In it the claim was made that the dead volunteer had
been 'shot dead by an armed criminal
He was
unarmed at the time of his death. He was not on active
service
Keith died while defending his community
against armed criminals.'
According
to a report in the Observer Keith Rodgers was
part of a group 'armed with baseball bats and guns'
who intended 'to attack a number of men who were also
aligned to its South Armagh brigade.' This version
contrasted somewhat with the IRA's and had more in
common with the view of Patrick O'Callaghan, a brother
of one of the supposed 'armed criminals'. He claimed
the dead man was part of a masked and armed gang who
tried to kidnap his brother Kevin. The incident had
arisen out of a dispute over the purchase of land
on the southern side of the border and Patrick O'Callaghan
claimed to have been warned by the IRA that he would
be shot if he had anything to do with building houses
on the land. He also said Keith Rodgers was armed
and that he and the wounded man had been shot with
their own weapons.
Two
days after the shooting Brian Keenan speaking at the
graveside of Keith Rodgers denied that the dead volunteer
had been carrying a weapon and insisted the incident
was not related to a land dispute but had everything
to do with criminality by people masquerading as republicans.
Some
time after the funeral it was reported that mediators
were involved in negotiations between the IRA and
those with whom the organisation was in dispute. What
such mediation seems to have secured is a demonstration
of the power the IRA exercises over its neighbours.
In Mario Puzo's The Godfather, a recalcitrant
film producer was jolted out of his sleep by the blood
seeping from the severed head of his prize racehorse.
He relented and accepted the mafia offer he hated
but dared not refuse.
Earlier
this week Patrick O'Callaghan withdrew his original
comments:
I
am satisfied that the version of events which was
given to me was in fact untrue. I now fully accept
that the incident was not connected with the purchase
of land. My life has not been threatened by the
IRA over the purchase of the land. I accept that
this incident arose as a consequence of criminal
activity in the south Armagh area. I now know that
Keith Rodgers was unarmed. I also now know that
neither he nor the man injured were shot with their
own weapon or weapons.
By
virtually repeating Keenan's version of events O'Callaghan
- so at odds with what was initially his own - left
little room for doubt that he had witnessed the horse's
head. This would fit in to a broader pattern identified
by media reports which suggest the existence of a
republican regime of internal repression wielded against
those who do not see things as the IRA do. Republican
sources had allegedly confirmed that the IRA leadership
in the area had issued an edict that anyone who openly
criticises it should be beaten or shot.
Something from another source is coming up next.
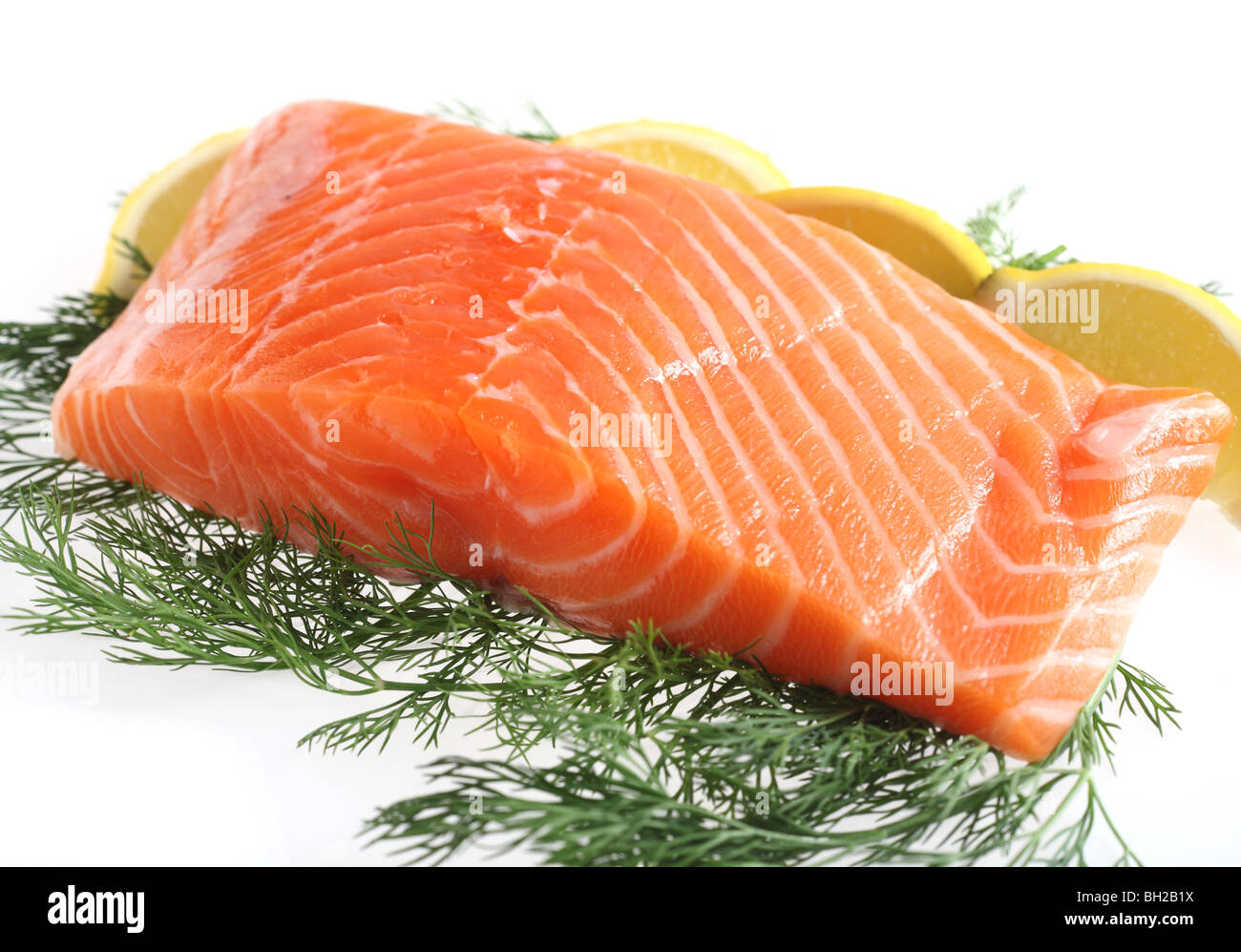 Un filet de saumon avec des quartiers de citron et l'aneth sur un fond blanc. Banque D'Images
The victims
would then be branded as criminal.
Such
thirst for total control was manifest in the discourse
employed by the republican leader Brian Keenan at
the funeral of Keith Rodgers. There he fulminated
that 'there is no place in this community, or any
republican community, for degenerates who abuse and
contaminate the struggle
depraved degenerate
people - a band of vermin.'
Keenan's
language places him in the company of strange bedfellows.
At the march 1990 funeral of UDR man Thomas Jameson,
Willie McCrea labelled those IRA volunteers who killed
him 'bloodthirsty vermin.'
The
Sunday Times journalist Liam Clarke in a sensitive
but perceptive article suggested that Brian Keenan
should be charged under the North's hate legislation.
In his view the funeral eulogy made Keenan sound 'like
a Nazi'. Some may be inclined to dismiss Clarke's
depiction as being typical of 'the enemy press.' This
would be a woefully inaccurate characterisation.
In
his writings Bobby Sands protested the use of the
word 'vermin' which he had heard used over 100 times
during his six day interrogation by the RUC in the
autumn of 1976. He later found it was used more by
H-Block screws than anybody else. He felt it was linked
to a need to exercise superiority: 'it is a mentality
that makes it so easy for them to torture us or butcher
us when the opportunity arises. A mentality much the
same as those who maintained and organised the Nazi
concentration camps.'
Was
this what it was all about - power over the people?